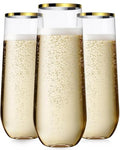 24 Pcak 9 Oz Plastic Champagne Flutes V93327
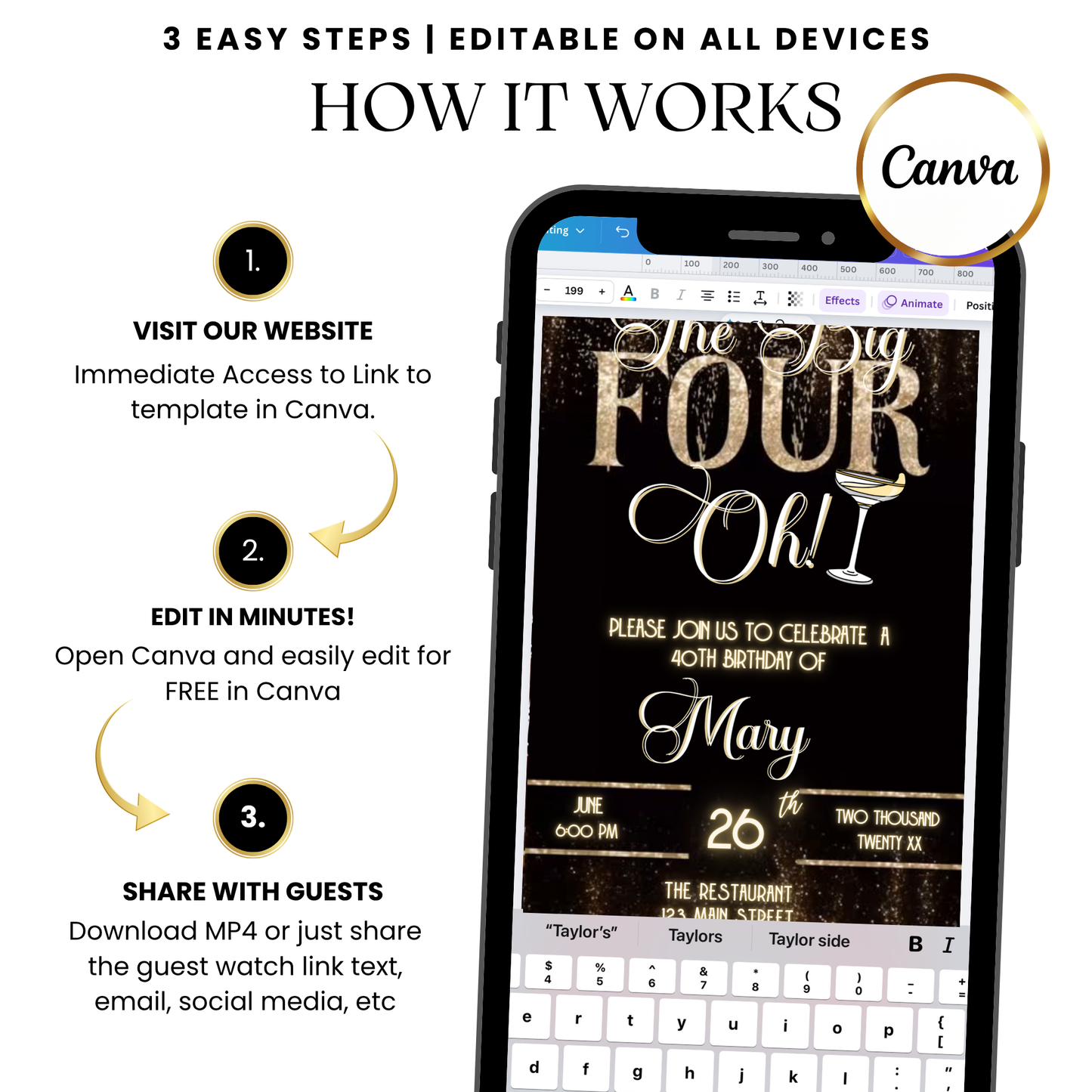 Elegant Gold The Big Four-Oh 40th Birthday Video Invitation Template with Music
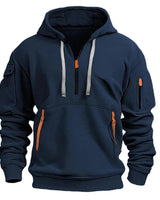 Felpa con cappuccio e mezza zip da uomo con tasche utility 2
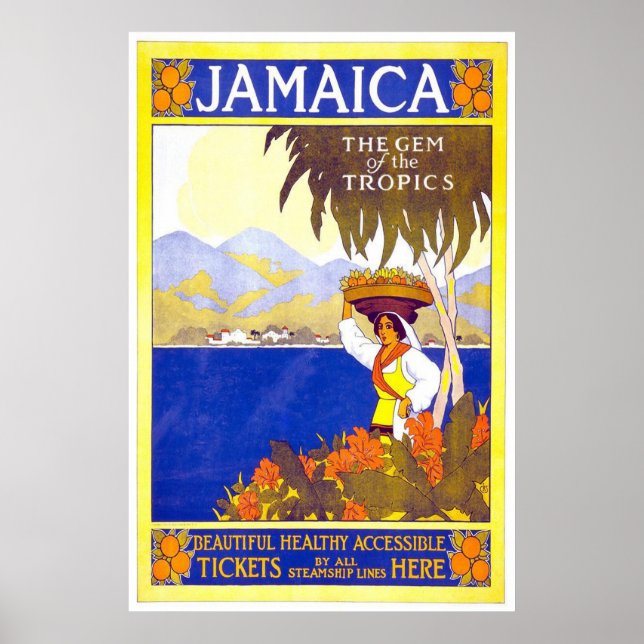 Jamaica Vintage Travel Poster (Front)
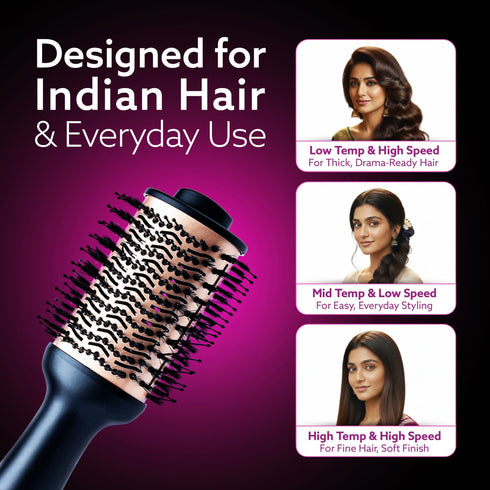 HV2179 Hot Air Brush for Hair, Blow Dryer Brush, Volumizer & Styler, 360° Airflow Vent, Oval Barrel for Hair Volume, Charcoal Bristles, Ceramic Coating Brushing Head, 1200W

ABOUT THIS TASK: Return word for word the lines from the beginning of the entries through the line that contains "Jamaica Vintage Travel Poster (Front)", both ends included, but no pictures.

COMPLETED TASK:
 24 Pcak 9 Oz Plastic Champagne Flutes V93327
 Elegant Gold The Big Four-Oh 40th Birthday Video Invitation Template with Music
 Felpa con cappuccio e mezza zip da uomo con tasche utility 2
 Jamaica Vintage Travel Poster (Front)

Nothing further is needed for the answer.